Russian President Vladimir Putin on January 28, 2014 criticized EU officials for what he called political interference in Kyiv.
Russian President Vladimir Putin on January 28, 2014 criticized EU officials for what he called political interference in Kyiv.
European Union officials are due to meet with Ukrainian officials in Kyiv on January 29 – a day after President Viktor Yanukovych accepted the resignation of the government and parliament overturned controversial antiprotest laws that it had passed just two weeks ago.

The visits by EU foreign policy chief Catherine Ashton and Enlargement Commissioner Stefan Fuele follow criticism of the EU by Russian President Vladimir Putin, who said in Brussels on January 28 that EU officials are exacerbating Ukraine’s crisis with political interference.

Putin also pledged that a change of Ukraine’s government will not alter Russia’s $15 billion loan and cheap natural gas deal with Ukraine.

Russia offered the deal after Yanukovych in November rejected a trade and political agreement with the EU in favor of closer relations with Russia.

Standard & Poor’s downgraded Ukraine’s credit rating on January 28, saying the Russian loans are uncertain under a new government.

Parliament’s decision on January 28 to overturn the antiprotest laws came after Prime Minister Mykola Azarov -- a loyal Yanukovych ally -- announced his resignation along with his cabinet.

Azarov's spokesman said First Deputy Prime Minister Serhiy Arbuzov, a former central-bank chief, would be acting prime minister. Other ministers would continue in an acting capacity until a new government is formed.

Azarov said he was resigning in order to peacefully resolve Ukraine’s crisis.

Opposition leader Vitali Klitschko said Azarov's resignation was only "a step to victory."

"This resignation had to take place a month ago but unfortunately we lost this month and during this month the temperature in the society has risen dramatically," Klitschko said.

"I am confident that there was no other way out," Klitschko continued. "I am certain that as the question of the government's responsibility was on the agenda at the parliament [on January 28], Azarov knew about it and did everything to save face."

Opposition leader Yuriy Lutsenko, a former Ukrainian interior minister, demanded Yanukovych’s resignation as well and new elections:

"The fact that the political process has finally started, that the government has finally heard the demands of millions of people, and the parliament is doing what it was supposed to have done long ago, the repeal of fascist [antiprotest] laws is definitely great," Lutsenko said.

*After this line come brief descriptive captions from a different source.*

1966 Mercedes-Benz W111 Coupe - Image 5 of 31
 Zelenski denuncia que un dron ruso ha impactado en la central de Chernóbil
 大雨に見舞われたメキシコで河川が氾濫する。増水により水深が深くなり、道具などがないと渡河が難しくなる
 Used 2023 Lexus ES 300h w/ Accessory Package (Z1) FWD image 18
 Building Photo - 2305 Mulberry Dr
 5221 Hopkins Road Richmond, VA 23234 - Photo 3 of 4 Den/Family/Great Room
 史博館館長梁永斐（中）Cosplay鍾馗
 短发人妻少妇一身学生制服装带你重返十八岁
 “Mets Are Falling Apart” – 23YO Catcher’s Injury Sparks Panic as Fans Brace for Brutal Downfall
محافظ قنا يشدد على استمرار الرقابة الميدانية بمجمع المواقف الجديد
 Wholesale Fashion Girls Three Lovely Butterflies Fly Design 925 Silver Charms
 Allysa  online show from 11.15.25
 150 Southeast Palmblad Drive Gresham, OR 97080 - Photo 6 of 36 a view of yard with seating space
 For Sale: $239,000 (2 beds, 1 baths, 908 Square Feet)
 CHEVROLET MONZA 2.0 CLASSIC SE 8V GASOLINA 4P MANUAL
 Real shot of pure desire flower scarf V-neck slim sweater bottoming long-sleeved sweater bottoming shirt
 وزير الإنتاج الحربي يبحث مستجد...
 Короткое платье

"The amnesty for all those who took part in [protest] rallies, except for those who killed and tortured, is definitely a plus," he said. " However, we are calling for more than just a replacement of Azarov's cabinet -- a replacement of faces; we are calling for a replacement of the entire system."

Opposition leader Oleh Tyahnybok said Azarov's resignation was an attempt to escape "political and criminal responsibility" for Ukraine's crisis:

Tyahnybok said: "We have expected such a move from them because every time we were bringing up the question of the government's resignation and the responsibility of some ministers of the government, namely [Interior Minister Vitaliy] Zakharchenko, for all that is going on in Ukraine, we understood that authorities were looking for the most favorable options for them to escape political and criminal responsibility and also to save face in front of their own team."

Meanwhile, a more radical faction within the opposition protest movement has issued its own demands.

Right Sector, reported to be the driving force behind recent protest violence, said it wants officials responsible for the deaths and abuse of protesters to be punished. It also wants Ukraine's riot police disbanded.

Based on reports by RFE/RL's Ukrainian Service, Reuters, AP, and AFP.